Recensione: Inveighing Brilliance

Nuovo arrivo in casa Nuclear Blast Records: si tratta dei Tribal Gaze che, grazie all’etichetta teutonica, danno alle stampe il loro secondo full-length in carriera, “Inveighing Brilliance“.
La band viene dal Texas, ove è nata nel 2020 e, quasi come le sabbie dei deserti di questo luogo avessero un’influenza in qualche modo sul sound del disco, il death metal proposto dai Nostri ha come caratteristica principale la scabrezza. Come se fosse sporco, in qualche modo. Soprattutto per ciò che concerne le chitarre, dal suono potente, robusto, da segare le ossa ma con quella punta di ferro arrugginito che i Nostri sono riusciti a infilare nel loro stile in maniera tale da tentare di renderlo originale.
A proposito di stile, si tratta fondamentalmente di old school, che però fa suo il modo di realizzare un disco nel 2025. Vecchio e nuovo che si scontrano continuamente per un ossimoro che, questo sì, è rappresentativo principale di un suono che allo stesso tempo odora un po’ di stantio e di fresco. Si tratta di un risultato più che sufficiente, che aiuta a identificare il marchio di fabbrica dell’act statunitense in mezzo a tanti altri, certificando così l’affermazione inerente la vivacità di uno stile riconoscibile all’orecchio.
Il quintetto di Longview non inventa nulla, questo è bene sottolinearlo, tuttavia ciò che propone è un innesto ben riuscito, sull’anima della vecchia scuola, di propaggini rifinite con alcune delle peculiarità del death d’oggi. Il secco, roco growling di McKenna Holland, non particolarmente profondo, ha poco aggiungere e poco da togliere al canonico modo di interpretare le linee vocali (“To the Spoils of Faith“), nel senso che seguono l’iter classico stabilito dai dettami di base del death, seppure qualche suinata s’innalzi qua e là.
Nemmeno le chitarre di Quintin Stauts e Ian Kilmer si spremono in maniera diversa dal solito. Oltre a gusto di ruggine si può rinvenire il classico sentore di stantìo proveniente dai cadaveri in decomposizione. I toni ribassati e la tecnica del palm-muting utilizzata al massimo delle sue possibilità donano alle sei corde un suono compresso, poderoso, che non ha poi molto a che vedere con quello, zanzaroso, dell’old school. Da rilevare la bontà degli assoli, che lacerano la carne come una lama affilata (“Lord of Blasphemy“); unitamente a un ritmo che abbraccia le varie battute compreso le sfuriate dei blast-beats (“Guarding the Illusion“). Non solo, in alcuni passaggi si percepisce qualche stacco e immediata ripresa che ricordano gli stop’n’go del deathcore. Anche se, qui, di deathcore non ce n’è nemmeno l’ombra.
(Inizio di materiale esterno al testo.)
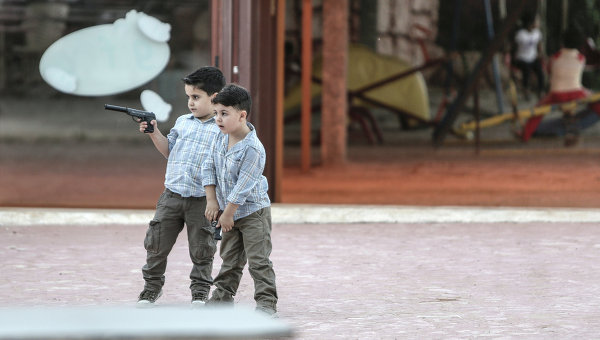 Мальчики с пистолетами играют в войну в Латакии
Qualcosa di puro old school c’è, comunque. “Emptying the Nest” ne è l’esempio. Classico andamento da headbanging perenne, condotto con forza e con il tipico ritmo strascinato a là Dismember. I già citati blast-beats aiutano a tenere su l’energia del brano, fra una divagazione del basso di Zach Denton e l’altra che, così facendo, interrompono la monotonia di un avanzamento altrimenti monocorde.
Nel disco sono comprese, pure, delle bordate allo stomaco da paura, come la violentissima “Guarding the Illusion” che, nonostante cali di intensità nella parte centrale, mostra la capacità del gruppo statunitense di pestare sodo, se intende farlo. E, a proposito di canzoni, il loro insieme mette a dura prova l’apparato uditivo degli ascoltatori, vista la loro varietà, in primis, e la loro varietà al loro interno (“The Irreversible Sequence“). Se ciò può in qualche modo tenere lontana la noia, dall’altro rende assai complessa l’assimilazione delle stesse. Tenere assieme i più disparati fattori che, come un puzzle, s’incastrano per generare l’LP non è operazione per nulla semplice, e i Tribal Gaze ci riescono – almeno a parere di chi scrive – a metà.
Il che non è una bocciatura, dato che il songwriting lascia ampio margine al miglioramento. Miglioramento compositivo volto a focalizzare maggiormente uno stile che, davvero, se legato strettamente assieme alle sue divagazioni, potrebbe diventare importante. Per questo, “Inveighing Brilliance” può considerarsi come un’opera di transizione.